There is universal agreement that broadband deployment can be a key social and economic driver in the U.S., and the FCC’s statistics show that Americans are significantly favoring wireless as their newest on-ramp to the Internet. But, the reach of wireless broadband is being extended in a vibrantly competitive free market, and government intervention by arbitrary rulemaking is doomed to fail.  

There’s just no good reason why the FCC should morph the rules so that a well-funded company such as M2Z can lap the field with the commission’s help. I’m not going to join the chorus and tell the FCC how to do its job. That’s what an ex parte is for. But if the commission truly believes in its historically successful auction process, and creating the best possible communications environment for American consumers, then it should stay out of the business of trying to select winners and losers, and stick to what works and is fair for everyone. 

Spectrum- U.S. Policy Should Take Care with the Air

I really think it’s time to clear the air, and I’m not the only one. Specifically, now that the 700 MHz auction is over and done with, it seems like the perfect moment to take a look at what is and what is not working with regard to U.S. spectrum policy, and just where we should go from here.  

Last week Georgetown University held a series of discussions on the spectrum allocation mechanisms currently in place.  We’ll soon have audio and video from the event up at www.ctia.org, and I’ll let you know when that’s available. But in the meantime, here’s my two cents worth on a handful of different spectrum-related issues.

Number One: As the volume and variety of content continues to increase and flow on and through wireless networks, and as more Americans turn to wireless for their broadband access – according to the FCC, about 70% of new broadband lines over the last years were mobile wireless subscriptions (:http://hraunfoss.fcc.gov/edocs_public/attachmatch/DOC-280906A1.pdf ) -- the need for more spectrum is real, plain and clear.  A regular, reliable schedule of spectrum auctions to achieve that goal makes sense for all involved. 

Number Two: As was so obviously demonstrated in the recent 700MHz auction, the market, not regulation, does the best job getting spectrum into the hands of those that will use it.  Look at the recent “D” block debacle – this was a nationwide license of some of the most valuable spectrum ever to come up for auction, and yet it was rendered entirely unappealing (i.e. valueless) because of regulatory stipulations. It’s been the freedom to innovate, and use the spectrum to address consumer demand that has enabled the US wireless industry to deliver the most advanced wireless services at some of the world’s most affordable prices – this model clearly works.  Why tamper with it? The “D” block experiment clearly gets an “F” for failure.   

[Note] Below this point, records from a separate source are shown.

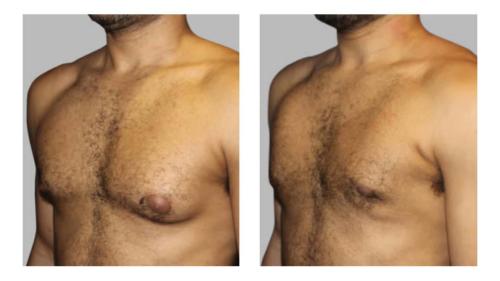 Men-Gynecomastia-2 Before-After Dr-Charlie-Chen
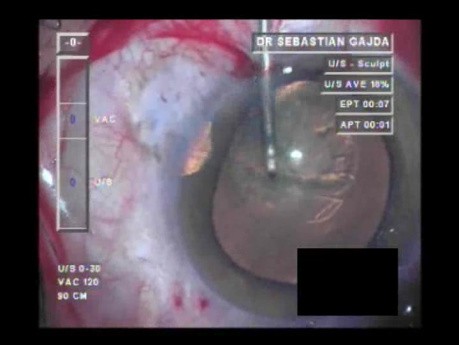 Operacja zaćmy w oku z wykonaną trabekulektomią 1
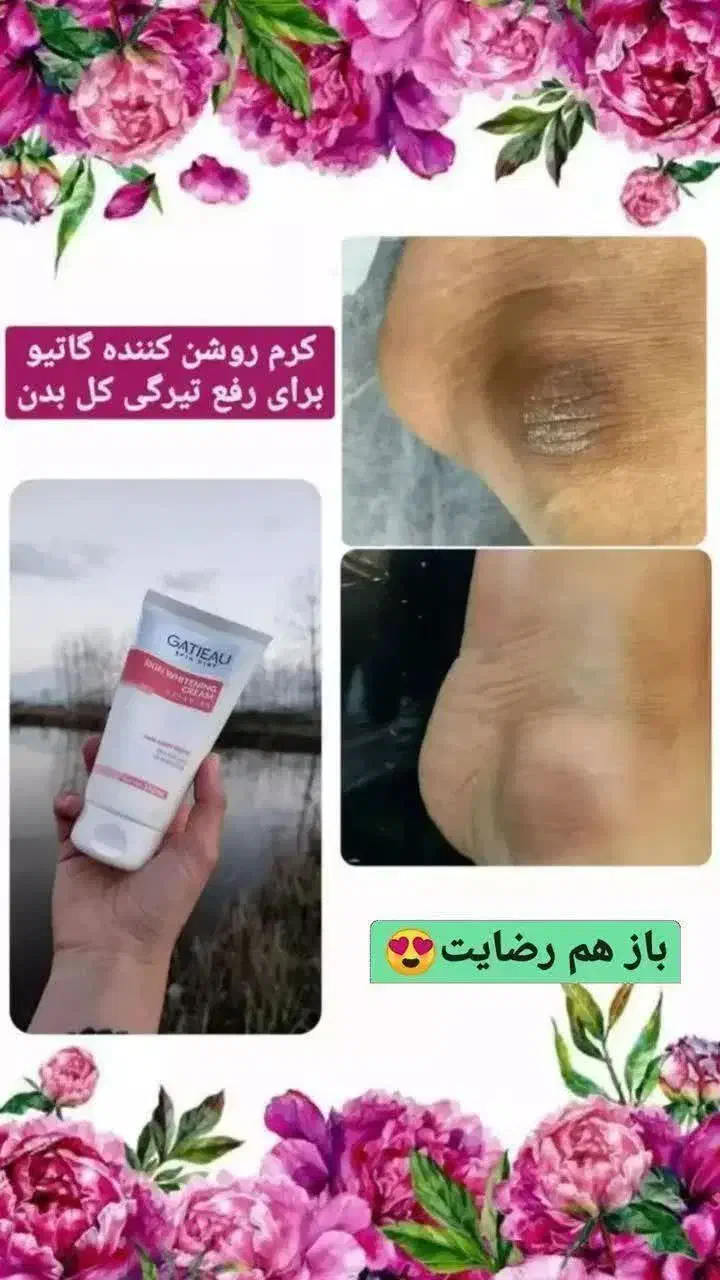 محصول ارایشی و زیبایی|آرایشی، بهداشتی، درمانی|مهاباد (آذربایجان غربی), |دیوار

Number Three: Spectrum is clearly a valuable resource. Duh, right? Regarding the ongoing “white spaces” debate, it is CTIA’s position that licensed use of this spectrum is the best deal for everyone.  Unlicensed wireless use brings with it a number of different issues, not the least of which is the problem of who a licensee should contact if someone out there starts messing in the frequency bands that a licensee has already paid substantial amounts of money (millions, maybe billions) for, and causes all kinds of interference for their customers. Think about it in television terms. You’re watching your TV at home and someone operating some gizmo in an adjacent, unlicensed band is running an application that degrades the quality of your TV signal. So, you call the cable company to complain, and then it calls………… who? Unlicensed spectrum users running amok is a terrible deal for consumers and for the industry.

Again, we’ll have highlights from the Georgetown session up for you soon. Also, I know what I’m talking about is hardly anything new. But as it is with so many wireless policy discussions in Washington these days, I think it’s important to keep common sense and practicality in the forefront, and let those citing idyllic hypothetical situations or taking wild swings for the fences do so at their own risk, not the general public’s.